Work task - Using the material below, print a verbatim copy of every line from the one containing "Hi friends, if" through the one containing "Jason Yasser here, Google", inclusive, and omit the pictures.

Records provided -
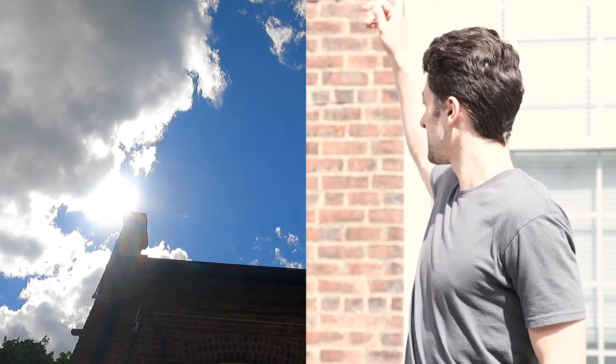On an overcast day, the clouds will act as your diffusion, and you may only need to use a reflector to act as your fill. A partly cloudy day can be a nightmare for filmmakers because one minute the sun is out in full beam, and the next a cloud swoops in and diffuses that sunlight. So the best thing to do is time your shots out with the cloud movement — and good luck.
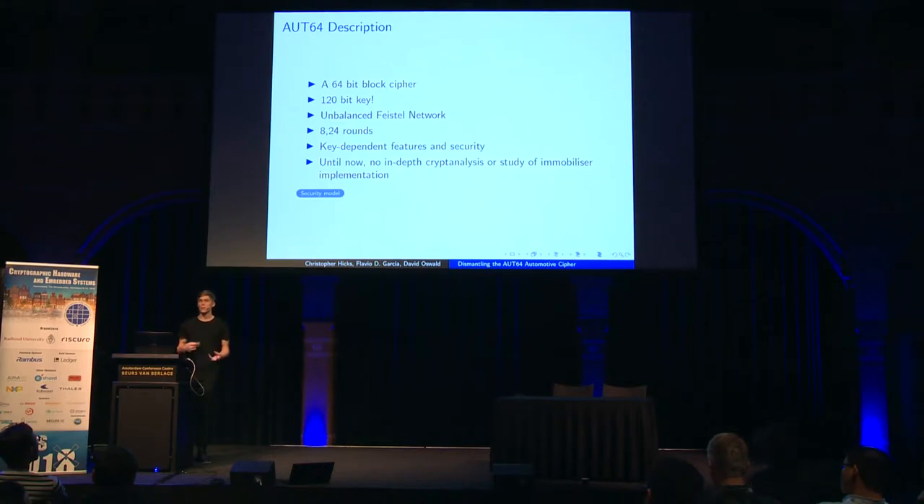Oort64 has an unbalanced Feistel network structure. Classically, Feistel networks are balanced, iterative, round-based designs where in each round half the state is changed by the round function output. In an unbalanced design, some proportion other than half is changed. Quite unusually, rather than security resting solely in the secrecy of the key, it also rests in the structure of the key — security is dependent on the specific key structure. It operates for either 8 or 24 rounds, dependent on a bit flipped in the transponder. Until now, there has been no in-depth cryptanalysis of an immobilizer implementation.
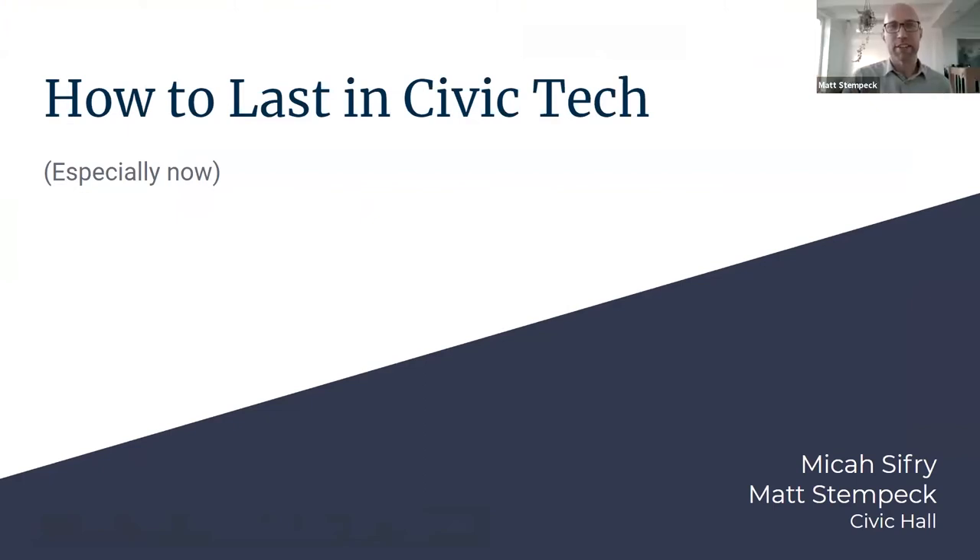And so I'm Matt Stempack. I'm a senior researcher at Civic Hall, and together we curate the Civic Tech Field Guide, which catalogs the tools and resources and activities to better inform our sector.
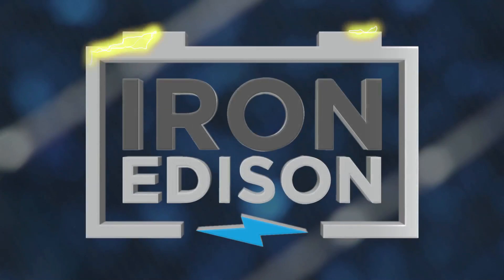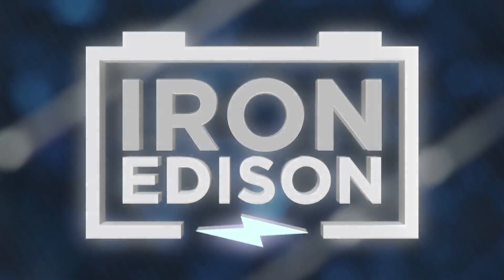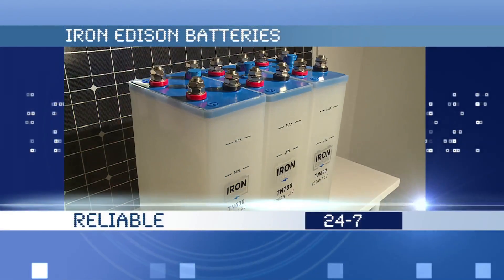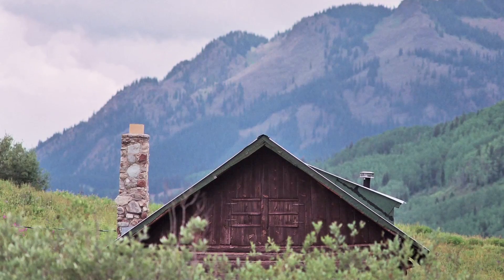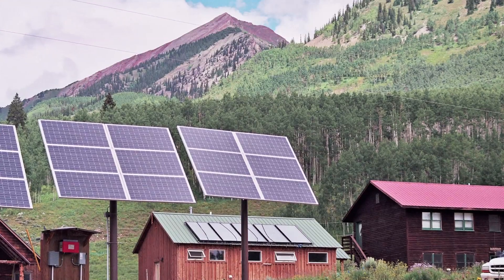Hey everybody, welcome to Off Grid with Brad and Kelly. Today we're talking wind and solar power generation. We've teamed up with Iron Edison Battery, a company that supplies new nickel iron batteries using the exact same technology as the old Edison batteries, ones that many of you know for their history dating back as far as 1914 with the association of the Edison Illuminating Companies. Since the 1900s, Iron Edison batteries have had a foothold at the forefront of electrical storage where they continue to play a pivotal role in the production of off-grid batteries.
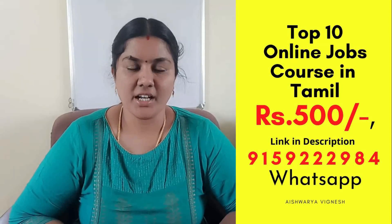Hi friends, if you want to do an online job or want to build a full-time career, this workshop will be useful for you. If you want to purchase this course, you will have a link in the description below.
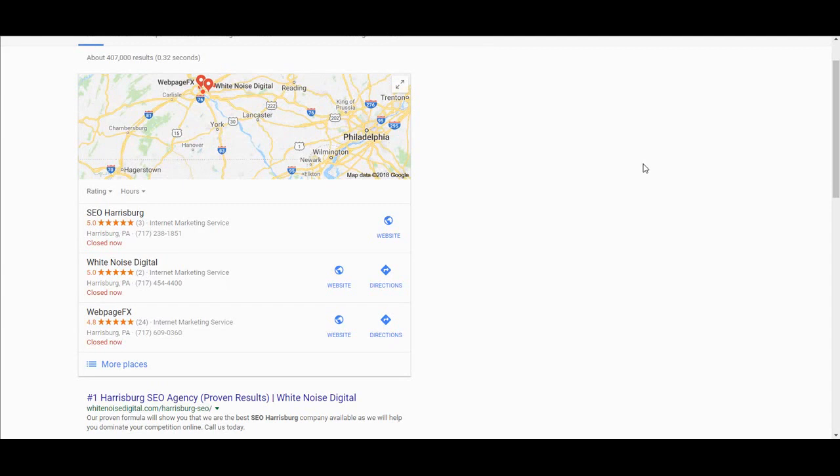Jason Yasser here, Google Marketing Specialist at White Noise Digital. I'm making this video to show you how to get this new Google messaging feature turned on for your business, so your customers, potential customers, potential clients, and current clients — anybody that wants to get a hold of you — can get a hold of you.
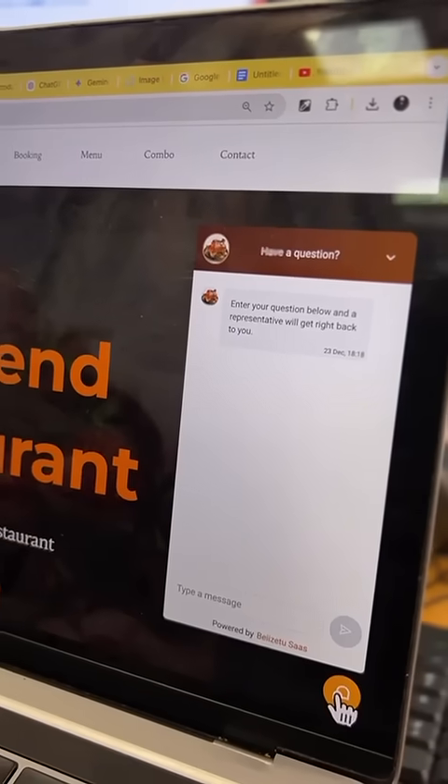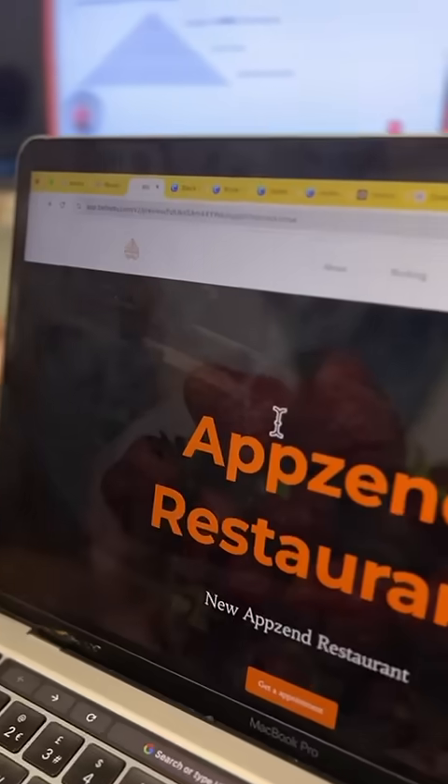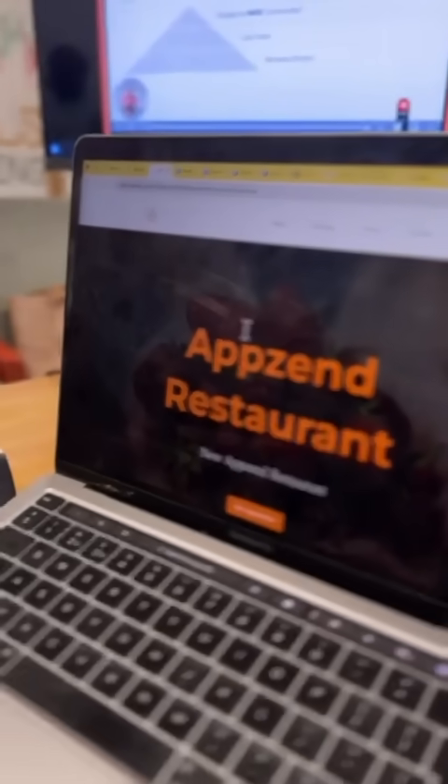Do you guys know where I added the pop-up, the booking calendar, and the high power chatbot? The pop-up is for turning visitors into leads. The booking calendar is for booking a reservation. The high power chatbot is for collecting leads and fast response. So if there's any business owner who needs a high converting website, comment 'web' and I'll send you an email. Peace.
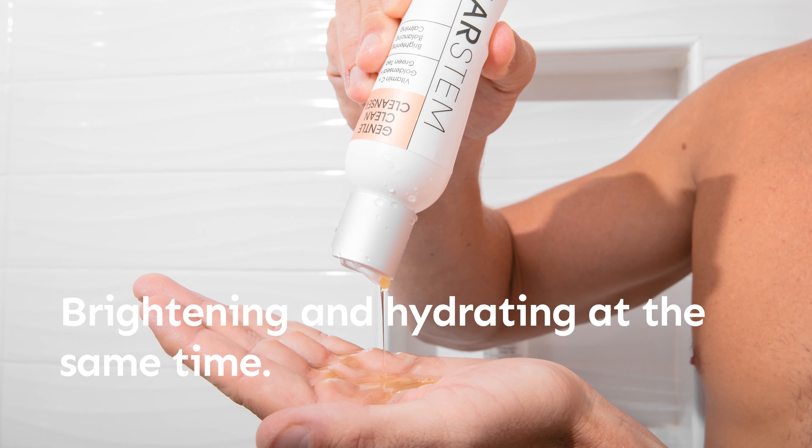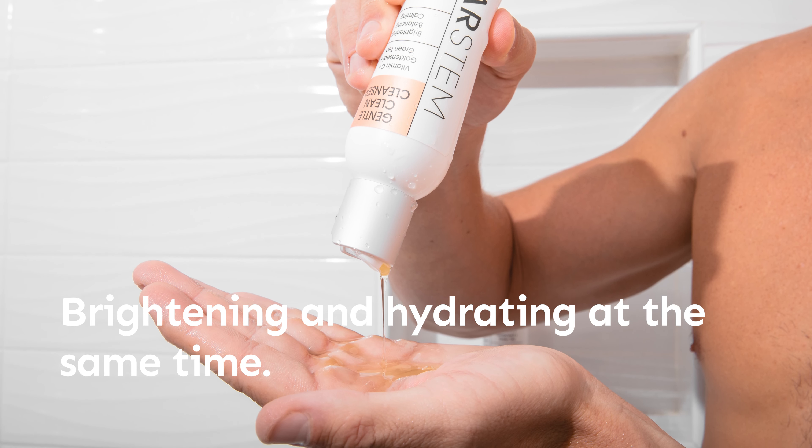This is Gentle Clean. Gentle Clean is your ultimate face wash. We've formulated it with green tea, golden seal, and vitamin C, so it's going to be really brightening for your skin and at the same time ultra hydrating.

Response to the exercise -
Hi friends, if you want to do an online job or want to build a full-time career, this workshop will be useful for you. If you want to purchase this course, you will have a link in the description below.
Jason Yasser here, Google Marketing Specialist at White Noise Digital. I'm making this video to show you how to get this new Google messaging feature turned on for your business, so your customers, potential customers, potential clients, and current clients — anybody that wants to get a hold of you — can get a hold of you.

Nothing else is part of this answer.